Est-ce que les écrivains guinéens, à travers leurs œuvres, ont d’une certaine manière influencé le choix de l’UNESCO ?
Influencer, non. C’est un appel à candidatures et beaucoup de villes du monde postulent pour le label capitale mondiale du livre. Le jury délibère en fonction des programmes. Conakry a été élue parce qu’on avait le meilleur dossier. Nous avons tout de même rappelé l’histoire littéraire de la Guinée. Mais aussi, nous avons évoqué les jeunes talents guinéens. Parmi lesquels Hakim Bah qui a eu le prix RFI du jeune écrivain de cette année. Cela pour dire qu’à côté des anciens, il y a de jeunes talents qu’il faut encadrer. C’est pourquoi Conakry, capitale mondiale du livre, est un programme collectif. C’est, l’UNESCO, le gouvernement, la ville de Conakry, les professionnels du livre et la société civile. Cet ensemble d’acteurs a fait le caractère exceptionnel de la candidature de Conakry. Et grâce à la qualité du programme, Conakry a été élue. Ce programme met la communauté surtout les jeunes au cœur de l’évènement. Nous avons dit que les jeunes guinéens ont envie de lire et d’écrire, mais ils n’ont pas d’espaces de lecture. Ainsi, capitale mondiale du livre nous permettra d’avoir les fondamentaux d’une véritable industrie du livre en Guinée et ainsi développer les compétences dans le secteur.
En résumé que va-t-il va se passer lors cet événement ?

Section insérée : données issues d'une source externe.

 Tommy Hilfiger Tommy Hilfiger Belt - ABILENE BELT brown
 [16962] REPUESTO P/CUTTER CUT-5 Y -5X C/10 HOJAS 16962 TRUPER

Conakry Capitale mondiale du livre 2017-2018, c’est 365 jours d’événements. Il y aura six salons du livre, des colloques, des conférences, des tables rondes et des dédicaces. On mettra l’occasion à profit pour faire renaitre la culture guinéenne. En plus de la lecture publique, le Cinéma, le Théâtre, la Danse, la Musique font partie de la célébration du livre. Il y a également, la venue de nombreux intellectuels et hommes de culture. Chaque pays du monde a une journée pendant l’évènement. C’est un festival tous azimuts pour réconcilier la Guinée avec le monde entier. C’est pourquoi le thème que nous avons retenu est : « le livre, facteur de rapprochement des peuples. » À travers le livre, nous allons rapprocher la Guinée de tous les peuples du monde.
En Afrique, Conakry est la troisième ville à abriter cet évènement mondial, et la première ville francophone…

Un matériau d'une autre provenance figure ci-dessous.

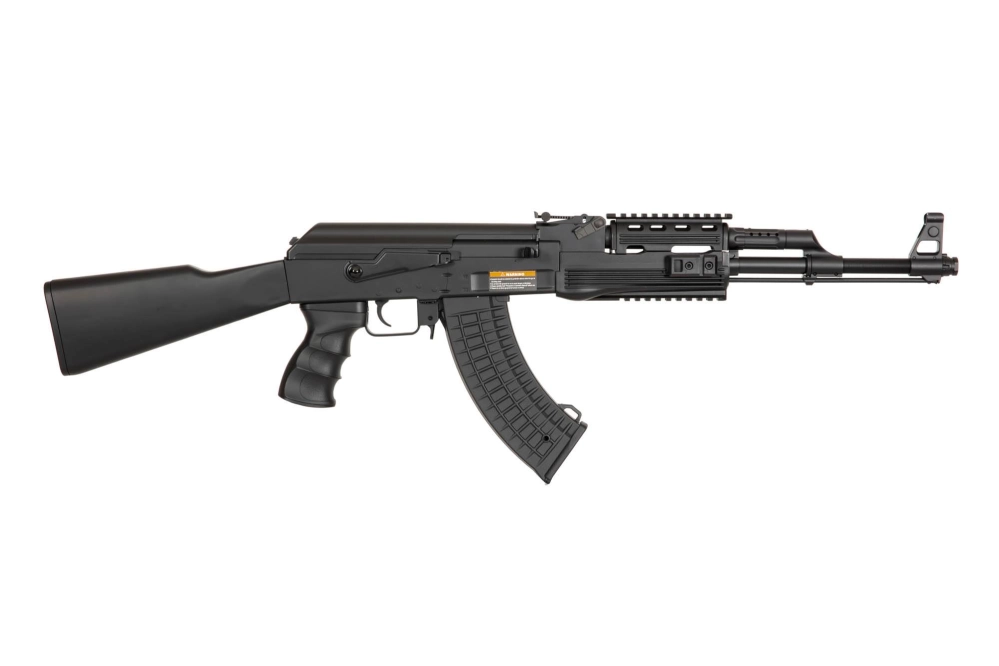 Réplica de fusil de asalto SRT-08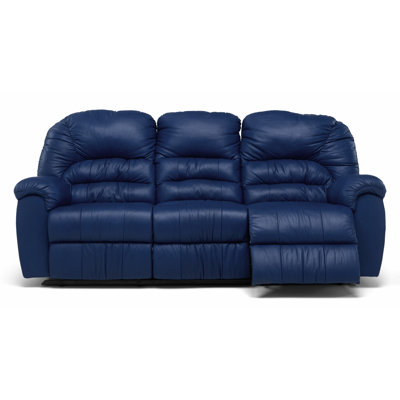 Palliser Furniture Taurus Leather Reclining Sofa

La Guinée a une histoire. Elle a été leader dans divers domaines. Rappelez-vous qu’en 1958, elle a été le premier pays francophone à dire NON à la colonisation française. Mais, sa langue officielle est restée le français. Que Conakry soit la première ville francophone a être élue capitale mondiale du livre en Afrique, c’est une autre fierté. C’est un mérite que l’UNESCO a reconnu à la francophonie. C’est pourquoi nous sommes en train de convaincre tous les pays francophones d’accompagner Conakry, pour réussir cet évènement qui est une victoire de la francophonie. Parce que c’est une victoire pour tous ceux qui ont langue française en commun. Dès le départ, nous avons associé l’Organisation internationale de la Francophonie dans la préparation du dossier et nous avons mené certaines démarches ensemble. Nous sommes en train de travailler avec le responsable du développement de la langue française et de la diversité, pour que la vision de Conakry capitale africaine du livre se concrétise. Pour que chaque an, les Africains puissent se retrouver à Conakry, décerner des prix littéraires et fêter le livre.
Comment le livre pourrait-il être un outil d’enrichissement de la langue française ?

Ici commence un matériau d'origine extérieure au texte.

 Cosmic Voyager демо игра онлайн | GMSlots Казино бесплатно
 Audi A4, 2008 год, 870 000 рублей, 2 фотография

Le livre, c’est le savoir, c’est la transmission des cultures et c’est le voyage à travers différents peuples. C’est un véritable outil de diversité culturelle. Pour le comprendre, prenons les œuvres des écrivains francophones, lorsque Ahmadou Kourouma qui est Djoula, écrit en français, ce n’est pas de la même façon que Thierno Monenembo qui est peul écrirait la même histoire. Chacun apporte du sien à la langue française selon sa langue maternelle. Il y a une africanisation de la langue française. Il y a une sorte de réadaptation de la langue française aux différentes cultures des pays francophones. Et cela fait la beauté et la richesse de la culture francophone. Et ce n’est qu’à travers les écrivains qu’on peut appréhender cette diversité culturelle. Avec un tel outil, la francophonie ne peut que s’enrichir.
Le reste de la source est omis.